これは、一般的には(例えば賃貸用物件であれば)計画建築物の
(賃貸予定面積)÷(延べ面積)
で算出される値(単位:%)とされます。賃貸予定面積は、賃借人が排他的に占有する自室の面積(契約面積)の合計で、建築物の延べ面積から、玄関ホール、駐車場、自転車置き場、ゴミ集積場、共用階段、共用廊下、エレベーターシャフト、パイプスペース等々の共用部分面積を控除したものとなります。
建築主は、総建築費用を
(延べ面積)×(レンタブル比)×(単位面積当たりの想定月額賃料)
で毎月回収することになります。ゆったりとした玄関ホール、余裕のある駐車場、大きなエレベーター、広い共用廊下・・といった高級感のある設計をすれば、レンタブル比は低下し、そのため単位面積当たりの想定月額賃料を高めに設定しなければなりません。反対に効率優先の設計をすればレンタブル比は高くなりますが、マンションであれば80%程度がその上限とも言われます。

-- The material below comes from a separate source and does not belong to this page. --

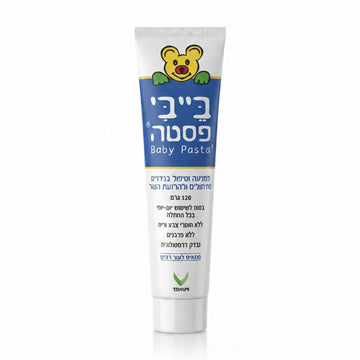 שפופרת משחת החתלה בייבי פסטה Baby Pasta בנפח 120 גרם, המיועדת להגנה ולטיפול בתפרחת חיתולים ושפשופים, בעיצוב בגווני כחול קלאסי וצהוב בייבי.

ところで、レンタブル比は”比較の尺度”なので、その意義が同じであることが重要です。これに関し、かつて、不動産鑑定士によるレンタブル比95%のマンションを想定した収益分析を見たことがあります。その値では屋内駐車場もエレベーターも共用廊下も設置できないだろうと思い、その鑑定士にお話を伺うと、延べ面積の代わりに容積率対象床面積を分母とした、とのことでした。
建築確認における建築物の容積率算定にあたっては、延べ床面積から一定部分の面積を控除し、残りの面積を容積率対象床面積とします。一定部分の面積とは、例えば、駐車場、駐輪場、備蓄倉庫、貯水槽(建築基準法施行令2条1項4号)、エレベーターシャフト、共同住宅の共用廊下・階段(建築基準法52条6項)等です。また土地の効率的利用の見地から、半地下の住居部分(天井が地盤面の高さから1m以下にあるもの)も、延べ床面積から控除されることがあります(同法52条3項)。しかし上記のように計算上控除した部分にも建設費はかかるものである以上、少なくとも建設費の効率的回収の尺度としてこれを示すのであれば、算定の分母から上記部分を控除することは不適切であると思います。

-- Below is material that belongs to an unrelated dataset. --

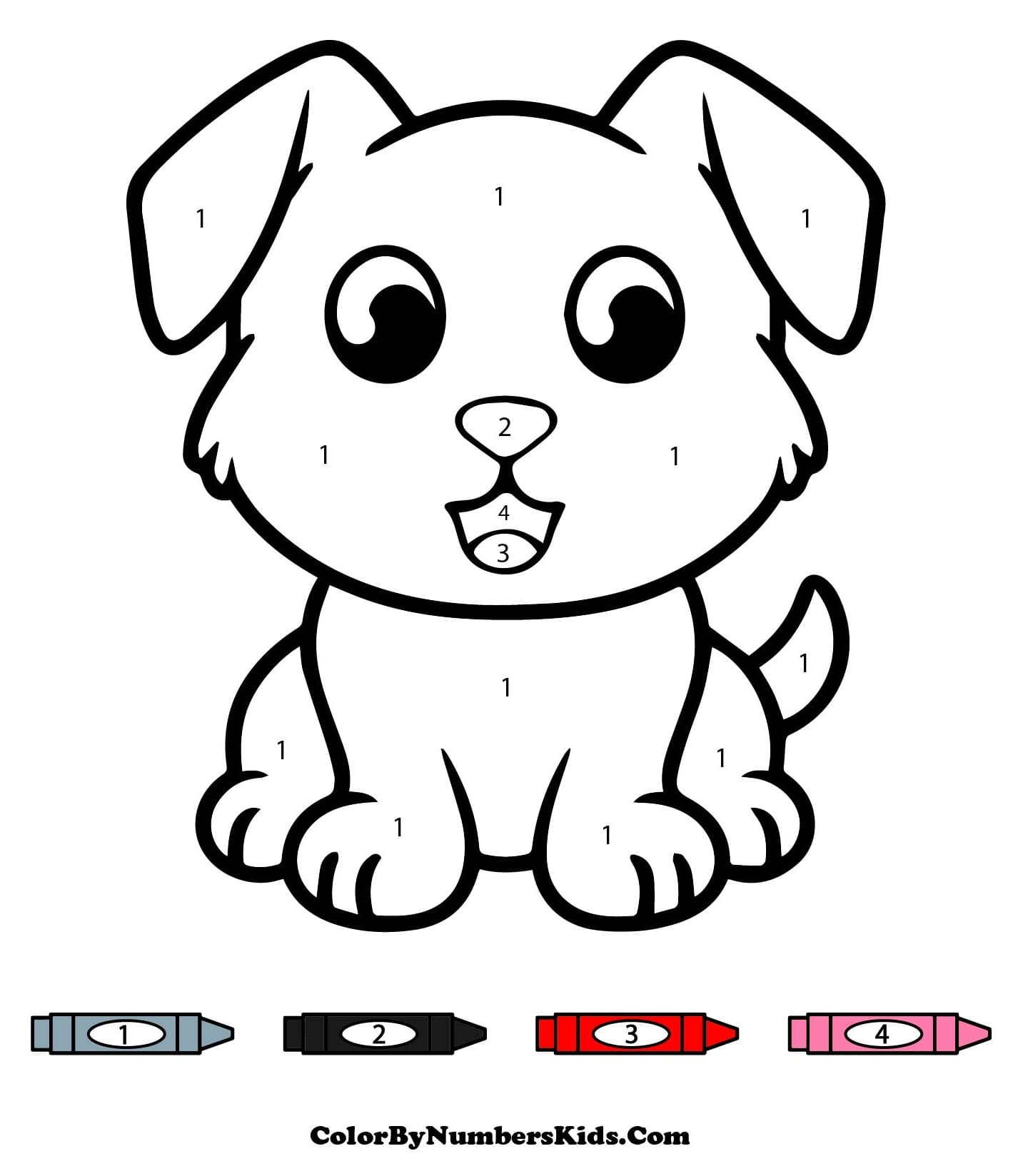Simple Dog Color By Number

*例えば、(A)総2階+半地下(天井高が地盤面から1mの住居)付きの建物と、(B)総2階+半地下(天井高が地盤面から1.01mの住居)付きの建物とをそれぞれ一棟貸しする場合についてレンタブル比を算定すると、延べ面積を分母とすればABとも約100%であるのに対し、容積率対象面積を分母にするとAは約150%でBは約100%となるものの、半地下部分の地盤面からの天井高が1cm違うだけ(イメージとしては「半地下部分のうち地上に見えている所が1cm高いだけ」)でそれほど収益性(建設費の回収効率)に差があるとは考えられないので、結局、後者の算定方法は不合理であることがわかります。